School of Politics and International Relations
Friday, 26 May 2017 from 18:00 to 20:00 (BST)
Only those with tickets can attend. You will be asked to present your ticket and photo ID at the registration desk
Doors close at 18:00, strictly no admittance after this time
Since November 2000 when Israel publicly embraced its assassination policy of Palestinians, it embarked on two fundamental and interlocking shifts. The first was to unsettle the applicable legal framework regulating the State’s relationship to Palestinians. The second was to change the laws of war that regulated a belligerent’s right to use force more generally. Together, these shifts worked to expand Israel’s use of force against Palestinians and to extinguish the specter of Palestinian military resistance. The fruits of these seeds planted in 2000 began to come into lethal bloom during Israel’s onslaughts against the Gaza Strip in Winter 2008/09 and the years to follow. The implications for these shifts are global because they are changing the laws of war as a matter of universal application, thus emboldening the use of force by states against non-state adversaries.
About the speaker: Noura Erakat is a human rights attorney and activist. As of Fall 2014, she is an Assistant Professor at George Mason University. Noura has served as Legal Counsel for the Domestic Policy Subcommittee of the Oversight and Government Reform Committee in the House of Representatives.
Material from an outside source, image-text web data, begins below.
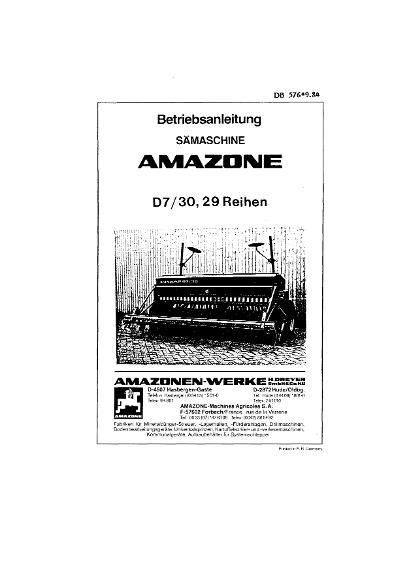 Betriebsanleitung D7/30 (09/84)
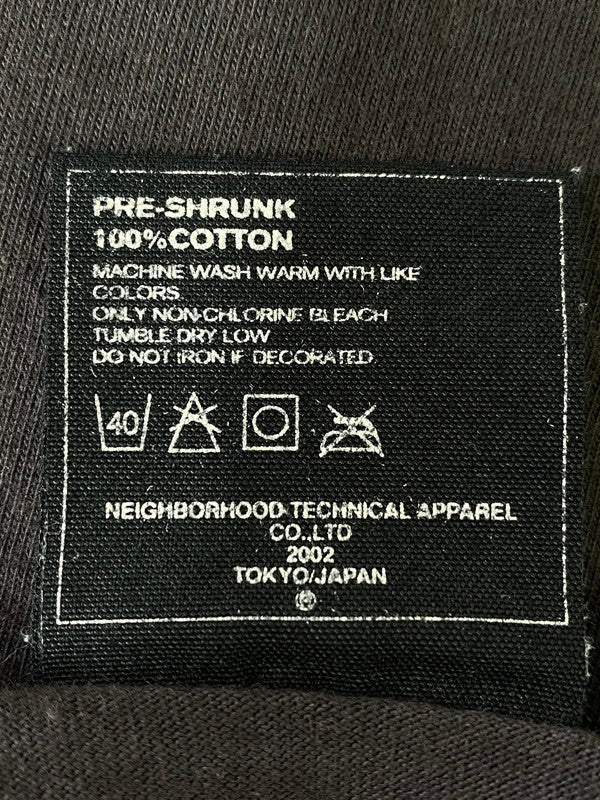 【中古品】【メンズ】 NEIGHBORHOOD ネイバーフッド 00’S LOGO TEE ロゴ Tシャツ 半袖トップス 142-241105-me-63-min カラー：ダークグレー系 万代Net店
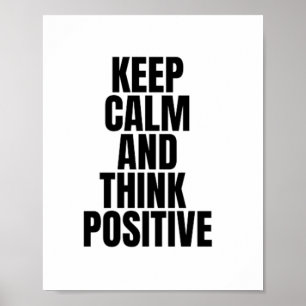 behållans lugn och tänka positiv poster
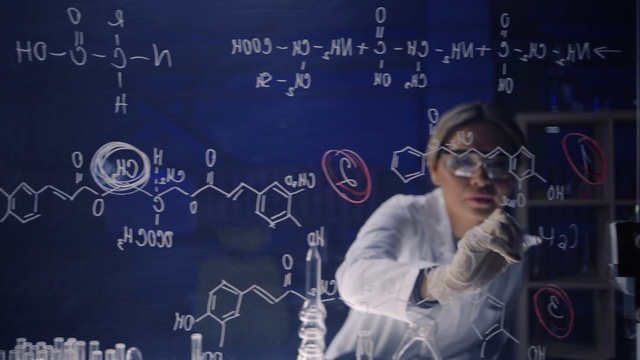 Video Reference: Organism, Handwriting, Font, Blackboard, Space, Writing, Event, Electric blue, Engineering, Hat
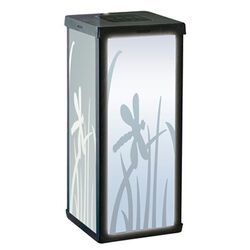 Frosted Dragonfly LED Solar Lantern in Black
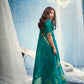 STORI Teal Blue Munga Silk Saree
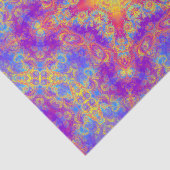 Herzenswärme-Stern-helle Seidenpapier (Ausschnitt)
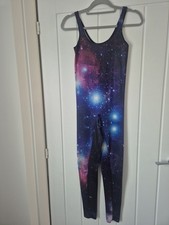 Blackmilk Purple Galaxy Catsuit. Size Small UK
Prior to her time on Capitol Hill, Noura received a New Voices Fellowship to work as the national grassroots organizer and legal advocate at the US Campaign to End the Israeli Occupation where she helped seed BDS campaigns nationally. Noura is a Co-Founding Editor of Jadaliyya, an electronic magazine on the Middle East that combines scholarly expertise and local knowledge. Noura earned her J.D. and undergraduate degrees from the University of California at Berkeley and a LLM in National Security from Georgetown University Law Center.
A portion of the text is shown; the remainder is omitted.